In this post, I’ll describe the steps to setup an Amazon AWS instance and get access to XML Wikipedia dump files.There is a way to download wikidumps for any project / language, the data is from early 2009. I will detail the steps as a note for future reference. The data is made available as part of Amazon AWS Public Datasets (http://aws.amazon.com/publicdatasets/).
- Create an AWS account
- Log in to AWS and select the EC2 tab
- Click ‘Launch Instance’
- Select a Configuration, the Basic 64-bit Amazon Linux AMI 1.0 is fine
- Instance Type: select Micro (this is the cheapest) and press continue
- Instance Defaults: keep the defaults and press continue
- Enter key, value pairs, such as key=name, value=WikiMirror, this is
not really required and press continue
- Create a new key pair and give it a name and press Create &
Download your Key Pair (this is your private EC2 key and you need to
store it somewhere safe).
- Create a security group, default settings are fine and press enter
- Review your settings and press launch
This will start an Amazon EC2 instance.
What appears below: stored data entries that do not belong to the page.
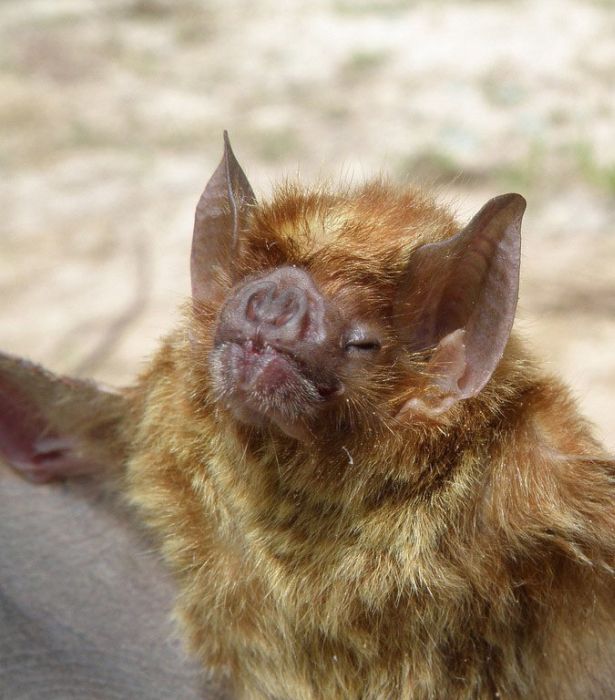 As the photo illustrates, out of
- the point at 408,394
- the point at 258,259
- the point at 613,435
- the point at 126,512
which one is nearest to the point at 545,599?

The next step is to make the
Wikimedia public dataset accessible to our instance.
- Click EBS Volumes on the upper right of the window
- Select Create Volume from the different tabs
- Snapshot pulldown: scrolldown and search for Wikipedia XML Backups
(XML) and enter 500Gb in the size input field. Make sure that the zone
matches the zone of your primary volume and press create
- Click Attach Volume and enter /dev/sdf or similar
We know have made the Dataset available to our EC2 instance. Let’s get the data: (I’ll assume a Windows environment, I do not think this step is necessary for Linux / OSX users):
- We have a .PEM certificate but if we would like to use Putty on
Windows then we need to convert the .PEM certificate to a certificate
the Putty can use.
- Download puttygen from
- Start puttygen and select Load Private Key. Select the key that we
downloaded at step 8 of creating an EC2 instance.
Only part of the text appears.